Status: • The OpenSearch cluster has processed the entire backlog and is now ingesting logs in real time without delay. • All indices are writable and healthy, and write throughput remains stable.
Resolution Details: • We increased disk capacity on the affected data nodes and rebalanced shard allocation to clear the high‐watermark condition. • The cluster’s health is green and all new log events are successfully indexed. • Live log streaming via cf logs APP_NAME continues to work as expected.
Next Steps: • We will keep a heightened watch on disk usage and shard distribution over the next 24 hours to ensure sustained health. • If you notice any further issues with log visibility or performance, please open a support ticket.

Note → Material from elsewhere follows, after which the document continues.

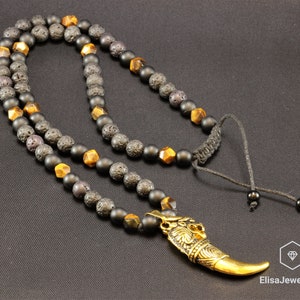 Tiger Tooth Necklace Men&#39;s Natural Tiger Eye Beads Necklace Onyx Lava Beaded Protection Necklace Gift For Him Christmas Gift For Father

Thank you for your patience and apologies for any inconvenience.
Posted Apr 17, 2025 - 15:42 EDT
Monitoring
Update – 12:56 PM ET
Status: - Logs are flowing into the OpenSearch cluster again, but indices are still catching up to real time. - Full real-time ingestion is expected to resume within the next few hours. - In the meantime, stream live application logs with: cf logs APP_NAME
----
Technical Details
Durable storage & caching: Application logs are first written to S3 for durability, then passed through a cache before landing in OpenSearch. This two‑step process ensures no data loss even if the cluster becomes temporarily unavailable.
Root cause: Several OpenSearch data nodes exceeded their disk‑usage high watermark. When this threshold is crossed, OpenSearch marks the affected indices as read‑only and rejects new writes.
Mitigation: We increased storage capacity on the affected nodes and rebalanced shard allocation across the cluster. The cluster is now healthy and processing the backlog of cached logs.
----
Next Update: We will continue to monitor cluster health and ingestion rates. Our next status update will be posted by 3:30 PM ET, or sooner if anything changes.
Posted Apr 17, 2025 - 12:56 EDT
Investigating
We have noticed that no logs are appearing in OpenSearch for customer logs (https://logs.fr.cloud.gov) after approximately 10:11 AM ET. We are investigating and will provide an update as soon as we know more.
Posted Apr 17, 2025 - 11:46 EDT
This incident affected: cloud.gov customer access (Logs front end).